My father laughed. “I didn’t teach him that,” he said. “I just didn’t discourage it.”
If my father would have let an animal jump onto the dinner table back when he lived with my mother, she would have ripped him a new asshole and given him a ten-minute lecture about germs.
To sort of break the ice, I think, Jacob asked my father a bunch of lawyer questions, which led to conversations on things I didn’t know Jacob had any knowledge about, like interest rates and the Dow Jones industrial average. When I wondered out loud where Jacob got all the stats, he said, “I read the New York Times, Trixie.”

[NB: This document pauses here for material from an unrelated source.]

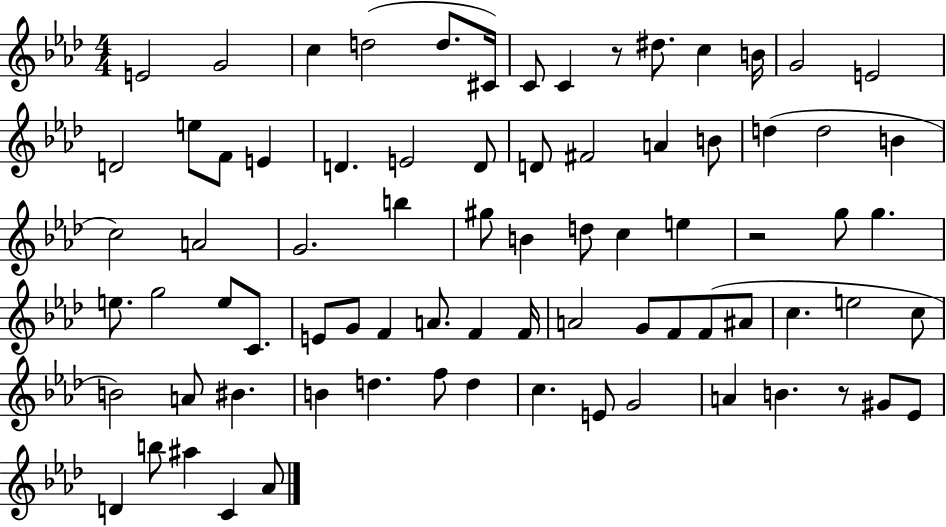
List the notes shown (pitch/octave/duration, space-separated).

E4/h G4/h C5/q D5/h D5/e. C#4/s C4/e C4/q R/e D#5/e. C5/q B4/s G4/h E4/h D4/h E5/e F4/e E4/q D4/q. E4/h D4/e D4/e F#4/h A4/q B4/e D5/q D5/h B4/q C5/h A4/h G4/h. B5/q G#5/e B4/q D5/e C5/q E5/q R/h G5/e G5/q. E5/e. G5/h E5/e C4/e. E4/e G4/e F4/q A4/e. F4/q F4/s A4/h G4/e F4/e F4/e A#4/e C5/q. E5/h C5/e B4/h A4/e BIS4/q. B4/q D5/q. F5/e D5/q C5/q. E4/e G4/h A4/q B4/q. R/e G#4/e Eb4/e D4/q B5/e A#5/q C4/q Ab4/e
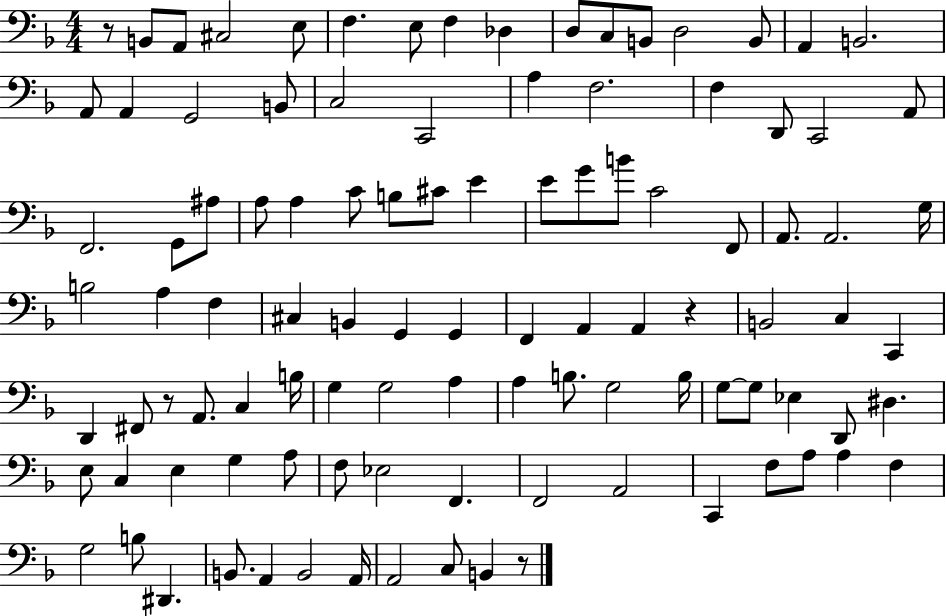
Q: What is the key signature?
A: F major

My father thought it was cute that Jacob called me Trixie.
“When Beatrice was little,” my father said to Jacob, “I used to call her Honey Bee.”
Jacob caught my eye when my father said that. I knew he was thinking of some sort of sexual innuendo to tease me with
later. I had to look away so I didn’t laugh. I didn’t want my father to know how perverted I was.
I’d forgotten all about that nickname. I’d forgotten a lot of things about my father. Like how a deep dimple formed on the left side of his cheek when he smiled, and how the aftershave he wore smelled like sweet Vermouth.
I thought it best to stick with meaningless chit-chat for the evening, but once Jacob got my father loosened up, he was ready to reminisce.
“Did Bea ever tell you about the time we were in London?” my father said. “We drove for hours out to the countryside, to see one of those famous castles, and her mother was furious with her because she wouldn’t look out the window.”
“I was reading,” I said.
“She was sixteen,” my father explained.
“I’d just discovered Ralph Waldo Emerson.”
“During the trip, Beatrice picked up a new motto.”
“‘To be great is to be misunderstood,’” I said.
“She said it thirty times that day if she said it once.”
I heard my parents’ voices in my head: “Beatrice, if all you wanted to do was read, you should’ve stayed home.”
“For Christ’s sake, Diane, leave her be.”
I found it weird that my father recalled that particular trip so fondly. I remember feeling completely tormented the entire time.
My father looked at Jacob. “Back then, Beatrice thought that dead writers and angry musicians were the only people in the world who could comprehend what she was going through.”
“That’s because they were the only ones who were ever around,” I said, much more abrasively than I’d meant to. A silence befell the table.